# Special Jounin vs. Jounin



## Jorkan (Jul 19, 2006)

Special Jounin vs. Jounin

What's the difference?  I see people using the term 'Special Jounin' but I don't remember reading this in the Manga.  Can someone explain this to me?


----------



## Yoofie (Jul 19, 2006)

To be quoting another NF member at the moment, but I forget who...
Anyways, special jounins have only mastered certains areas of the ninja arts.

However, jounins, have mastered (or are somewhat close to mastery) everything all around.


----------



## SaiST (Jul 19, 2006)

Special Jounin are right in between Jounin and Chuunin--statistically, and in terms of rank, apparently. The Special Jounin we know of thus far:

Anko
Genma
Raidou
Ebisu(he was in Part 1, anyways)
Ibiki
Aoba
Hayate(RIP)
Kiba's sister... Inuzuka *Hana*, I think it was? Pretty sure she's a Special Jounin.

Anko is the only one who's been referred to as a "Special Jounin" in the manga, however. Usually they are simply referred to as Jounin. You'd have to look at the Databooks 'n' such to know who's a Special Jounin or not.


----------



## neo-dragon (Jul 19, 2006)

I think it's more that "special jounin" have a particular area of specialty.  For instance, that guy who supervised the first test in the chuunin exam (I don't remember his name) specialized in intelligence gathering.  That was his job.  Regular jounin don't have a specific job or position.


----------



## forkandspoon (Jul 19, 2006)

Theres some jounin that stand out, but jounin are strong non the less. Think about the 2 jounin who took on all sound 4 CS2. They where not special but pretty damn strong.


----------



## Sasuke1_2 (Jul 19, 2006)

Special jounin....made me wonder what the difference was...but i think its as Sai said.


----------



## Cantankerous (Jul 19, 2006)

In short, a Jonin would be a ninja with elite skills in all areas which would result in a well rounded, high ranking ninja. 

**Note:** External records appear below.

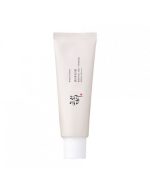 Beauty of Joseon Relief Sun, Rice & Probiotics SPF50+ PA++++ Αντιηλιακό με Εκχύλισμα Ρυζιού και Προβιοτικών, 50ml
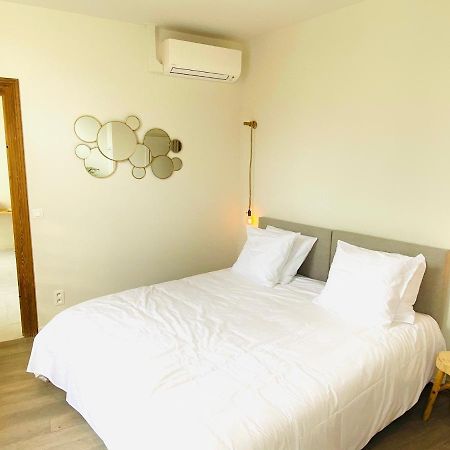 Rooms & Loft De Post Gavere Dış mekan fotoğraf
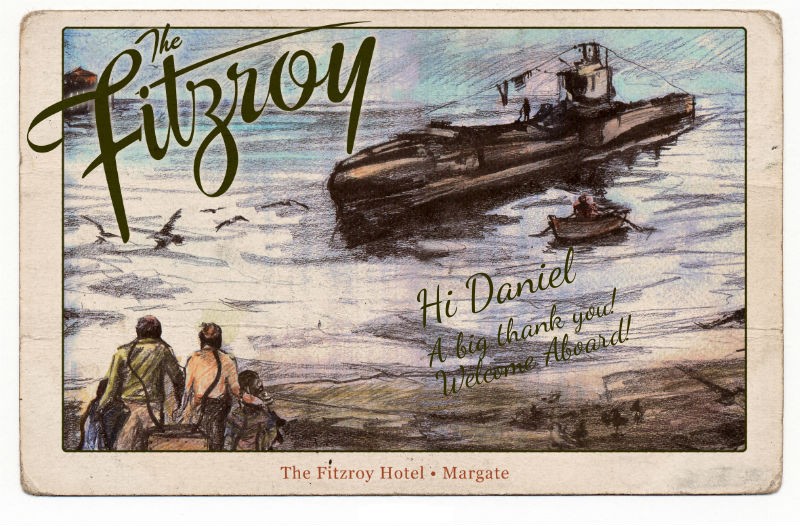 TheFitzroy_DanielIzzard.jpg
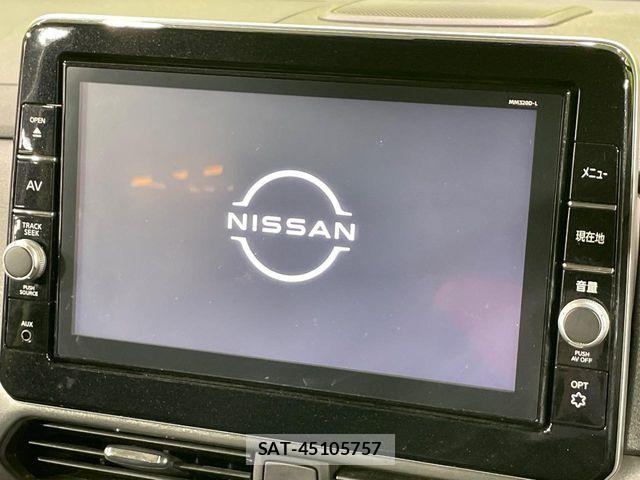 Nissan ROOX 2021-05 8209972-2
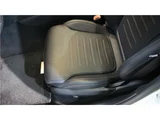 2023 Mercedes-Benz C-Class STATIONWAGON C220d Sedan for sale, Japanese used car export - photo 49 of 49 | GULJI TRADERS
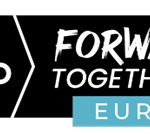 Forward Together 2021 Europe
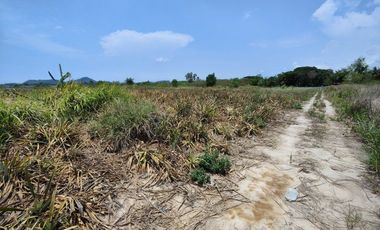 70-1-71 RAI | EXCELLENT LAND INVESTMENT! PRIME DEVELOPMENT LAND PRICED WELL BELOW MARKET VALUE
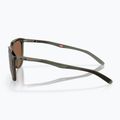 Sunglasses Oakley Thurso olive ink 3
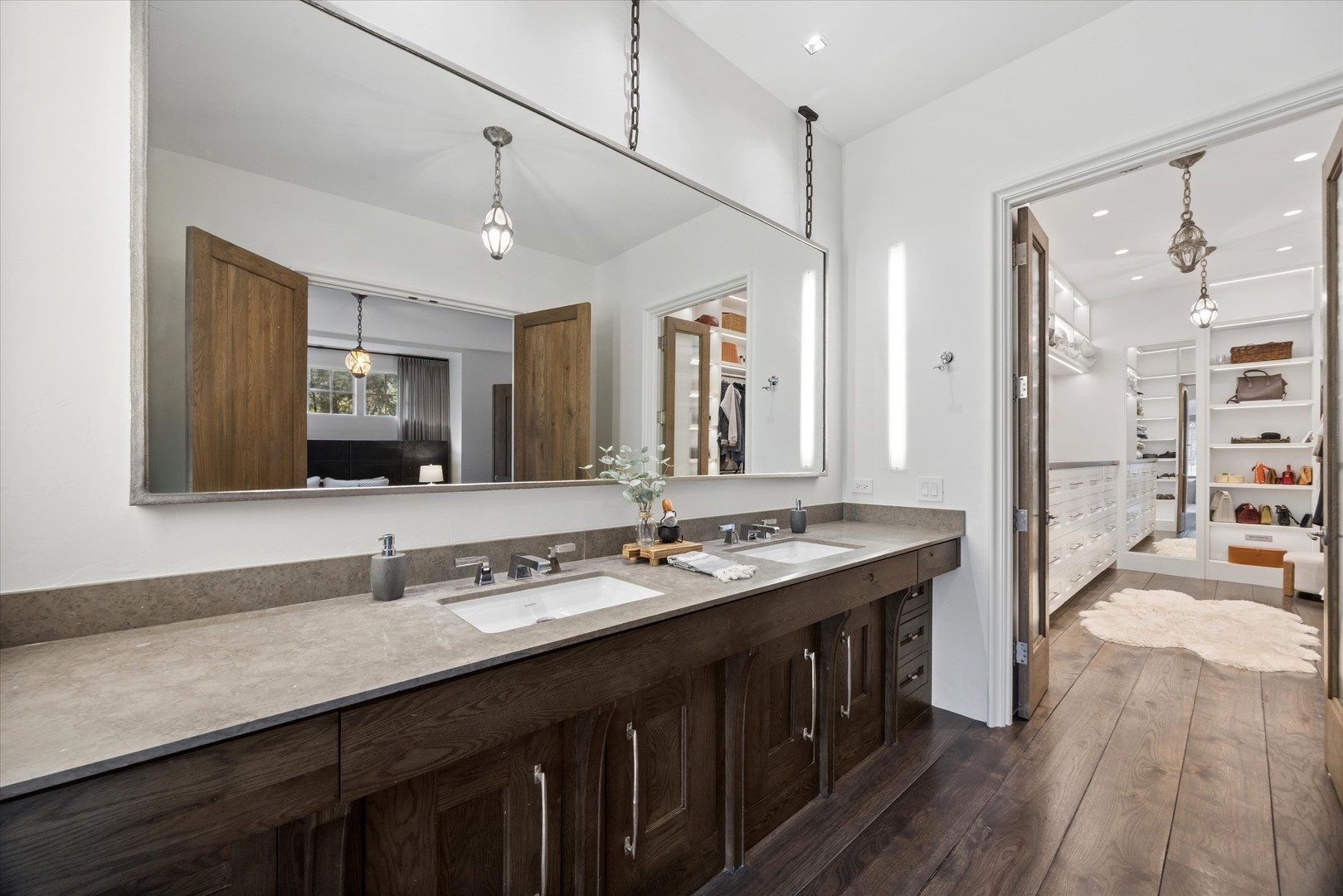 132 S Park Avenue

However a special Jounin I assume whould excel far more in a certain area(s) than a regular jounin where maybe the skills a regular jounin is posses may lack; however their special area is what makes up, and places them in a higher rank and importance in certain high ranked missions. 

Although, may not be up to par in combat for example in comparision to a regular jounin.


----------



## sezo (Jul 19, 2006)

dont forget that something like elite jounins also exists


----------



## Tsuuga (Jul 19, 2006)

Well, Elite Jounins are just... the better Jounins.


----------



## Grrblt (Jul 19, 2006)

sezo said:
			
		

> dont forget that something like elite jounins also exists


Not as an official term. Elite just means better than the rest. Gaara, Neji and Sasuke were "elite genin" for example.


----------



## Nahrootoe (Jul 19, 2006)

Yeah, there's no "Elite Jounin" rank ever referenced in an official source.

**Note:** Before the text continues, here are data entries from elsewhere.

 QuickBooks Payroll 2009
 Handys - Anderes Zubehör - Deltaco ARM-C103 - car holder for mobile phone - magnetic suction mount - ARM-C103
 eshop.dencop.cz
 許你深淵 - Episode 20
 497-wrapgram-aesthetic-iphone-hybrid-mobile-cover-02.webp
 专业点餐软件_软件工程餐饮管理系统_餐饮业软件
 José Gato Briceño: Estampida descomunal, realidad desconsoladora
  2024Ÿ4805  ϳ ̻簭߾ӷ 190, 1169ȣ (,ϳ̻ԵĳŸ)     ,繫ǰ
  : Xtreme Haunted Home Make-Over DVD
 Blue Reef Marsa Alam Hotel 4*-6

Readers like to distinguish certain individuals (the cream of the crop like Kakashi or Gai) and call them "elite."

As Grrblt said, anyone can be "elite" simply by being the top of their classification.


----------



## Heldensheld (Jul 19, 2006)

Kakashi vs Gai...

Close call.....


----------



## Rikudou Sennin (Jul 19, 2006)

Special Jounins are people like Ibiki. Strong in some area's but average in the others. He is the head of the torture and interrogation department so he's high in genjutsu and intelligence but for example he lacks stamina etc.

While Jounin are more overall shinobi. Elite Jounin isnt an official title but is often used to adress the gap b etween skill between Jounins. Kakashi for example is pretty much only second to Jiraiya and Tsunade, yet he could probably kick Neji's ass (at this point) in a minute flat. So Neji is called a Rookie Jounin and Kakashi a Elite Jounin.


----------



## MS81 (Jul 19, 2006)

neo-dragon said:
			
		

> I think it's more that "special jounin" have a particular area of specialty.  For instance, that guy who supervised the first test in the chuunin exam (I don't remember his name) specialized in intelligence gathering.  That was his job.  Regular jounin don't have a specific job or position.


yeah your right neo they are special because they have special talent like anko she can scout areas real well as it was stated in the anko arc fillers. 

and Ibiki is an interogations specialist.


----------



## pavister (Jul 19, 2006)

Jorkan said:
			
		

> Special Jounin vs. Jounin
> 
> What's the difference?  I see people using the term 'Special Jounin' but I don't remember reading this in the Manga.  Can someone explain this to me?



while the question has already been answered, i just want to add that an easy way to remember is think 'special' in terms of a kid with "special needs", ie, mentally challenged. the problem way back when was ppl were thinking special in terms of "better than the rest"
although in naruto, special jounins arnt mentally challenged but u should no what i mean


----------



## TenshiOni (Jul 19, 2006)

Question answered.

Recycling.


----------